Copy of 2021-04-10T151653Z_366668456_RC23TM9IXA51_RTRMADP_3_IRAN-NUCLEAR-1618137205679
A number of new generation Iranian centrifuges are seen on display during Iran's National Nuclear Energy Day in Tehran, Iran April 10, 2021. Image Credit: via REUTERS

Dubai: Saudi columnists on Sunday voiced concern that Western nations were not taking a tough enough stance in indirect talks aimed at restoring the 2015 nuclear deal with Iran.

Saudi Arabia opposes the deal because it does not address the wider regional behaviour of Iran, its arch enemy.

The talks in Vienna aim to bring the United States and Iran back into compliance with the pact after the Trump administration quit the deal in 2018 and reimposed sanctions on Tehran, which responded by breaching some nuclear restrictions.

“There is Gulf apprehension regarding the Vienna talks,” Tariq Al Humaid wrote in Saudi-owned Asharq Al Awsat newspaper.

“Iran is specifying its terms and the timing whereas all the West wants is a deal as soon as possible ahead of Iranian elections,” he said, referring to June presidential polls.

The United States and Iran both took a tough stance at the Vienna talks, in which European Union officials are shuttling between the remaining parties to the deal. Washington predicted an impasse if Tehran sticks to a demand that all sanctions since 2017 be removed.

“Iran is taking advantage of US and European complacency to stall and dodge,” Saudi columnist Faheem Al Hamid wrote in local newspaper Okaz.

Saudi Arabia, which has been locked in several proxy wars with Iran in the region and is concerned about Iran’s ballistic missiles, supported former US President Donald Trump’s campaign of maximum pressure on Tehran.

Riyadh and its allies have said Gulf Arab states should be included in any negotiations between President Joe Biden’s administration and Iran on a new nuclear deal.

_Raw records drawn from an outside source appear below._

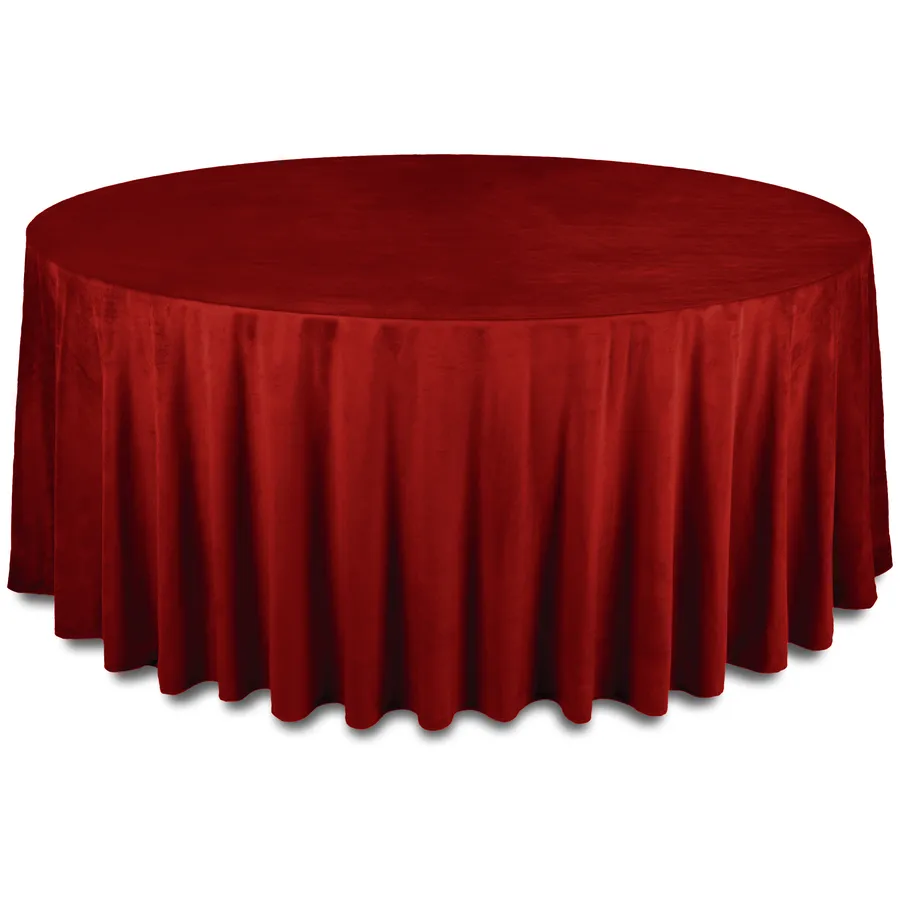 Скатерть бархатная "Бета" гранатовая круглая - Фото миниатюра 1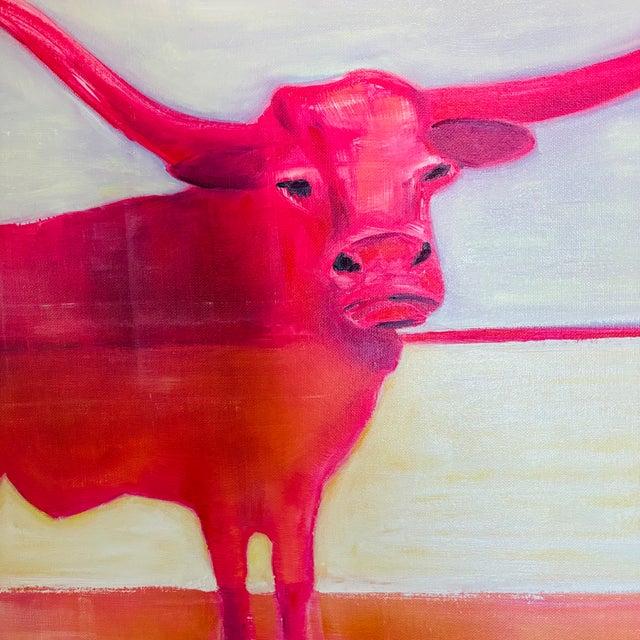 2020s Western Country Cowboy Pink Longhorn Steer Original Oil Painting, in Teak Wood Frame by Tatiana Duperault For Sale - Image 5 of 5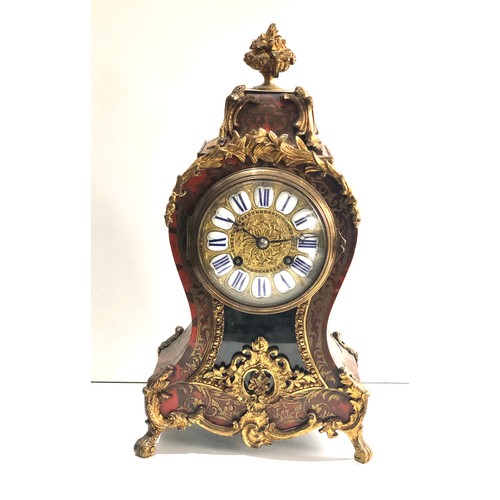 549 - A Fine quality red tortoiseshell and cut brass french Boulle clock by japy Freres & Co  with gilt br... 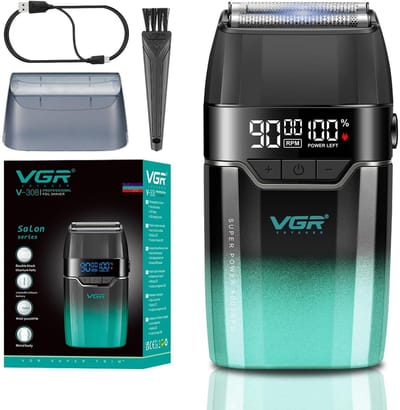 VGR V-308 Scheerapparaat Mannen – Professionele Double Foil Shaver – 9000RPM – Titanium Scheerfolie – LED Display – USB-C Oplaadbaar – Groen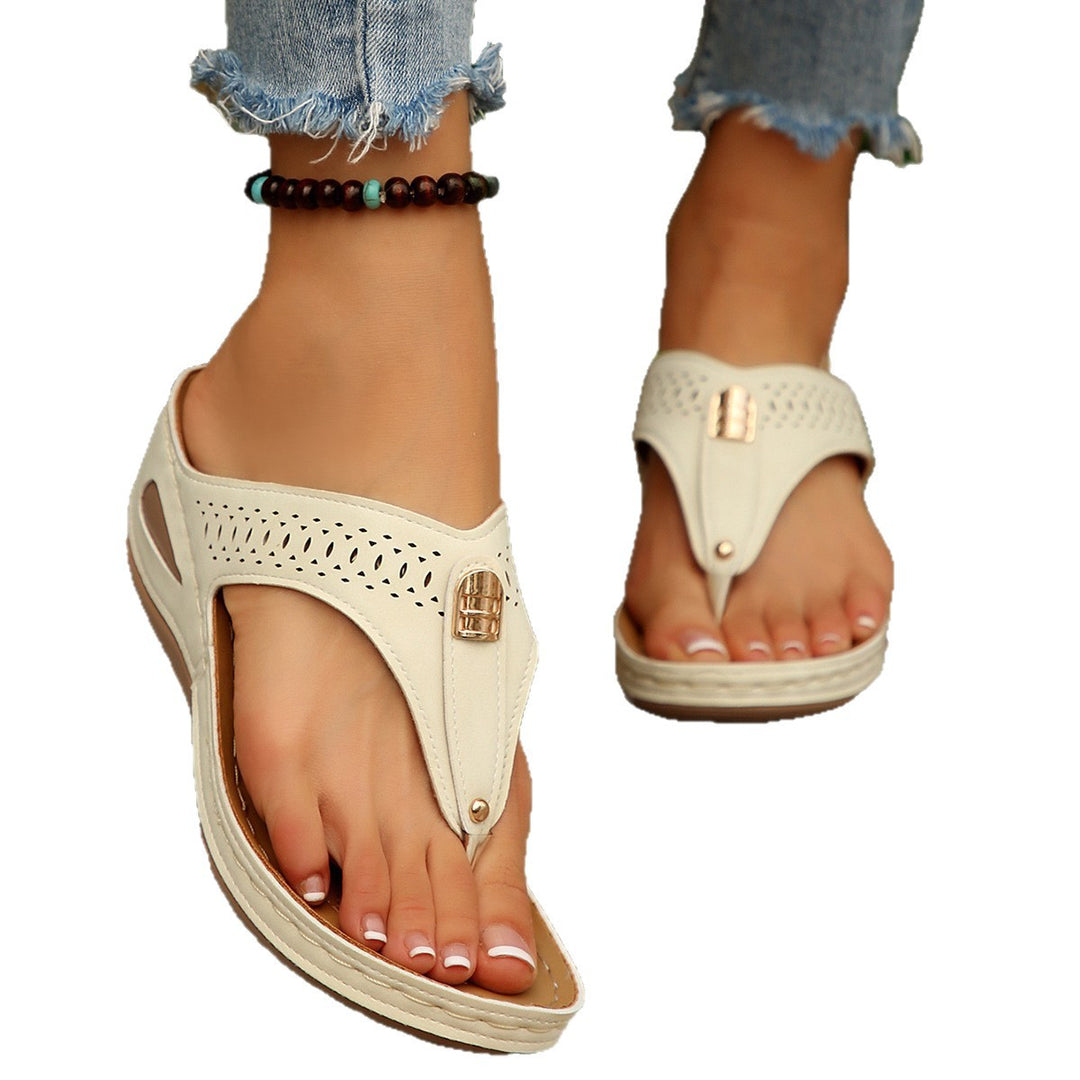 Damen komfortable Zehentrenner-Sandalen mit atmungsaktivem Obermaterial EB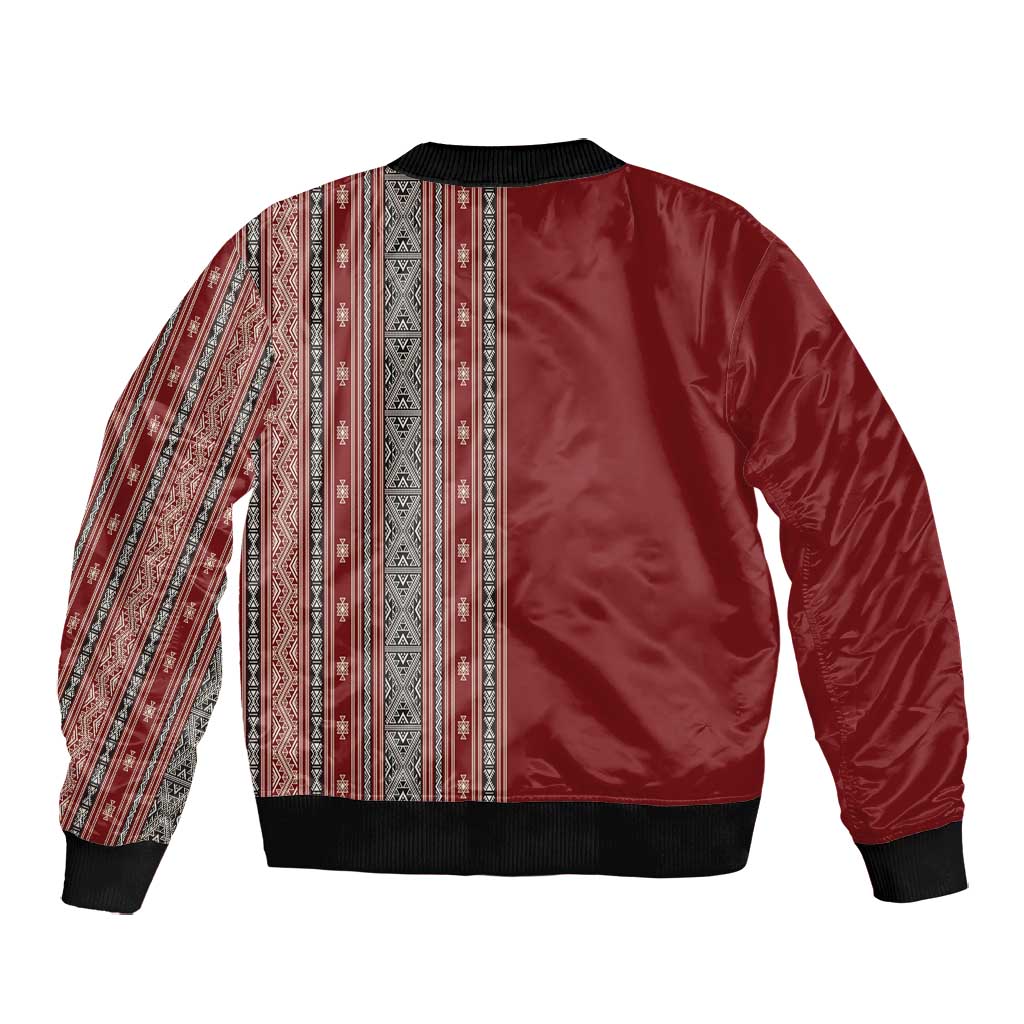 Tunisia Bakhnug Motif Bomber Jacket Traditional Tunisian Embroidery Inspired - African Pride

A senior member of the Saudi royal family, Prince Turki Al Faisal, told a virtual forum hosted by Bahrain’s Al Bilad newspaper on Thursday he was concerned Washington would buckle.

“A return to the (nuclear) agreement will not resolve the danger ... but could fuel conflict and push regional states to look at other options to maintain security and stability,” said Prince Turki, a former envoy to Washington who now heads the King Faisal Centre for Research and Islamic Studies.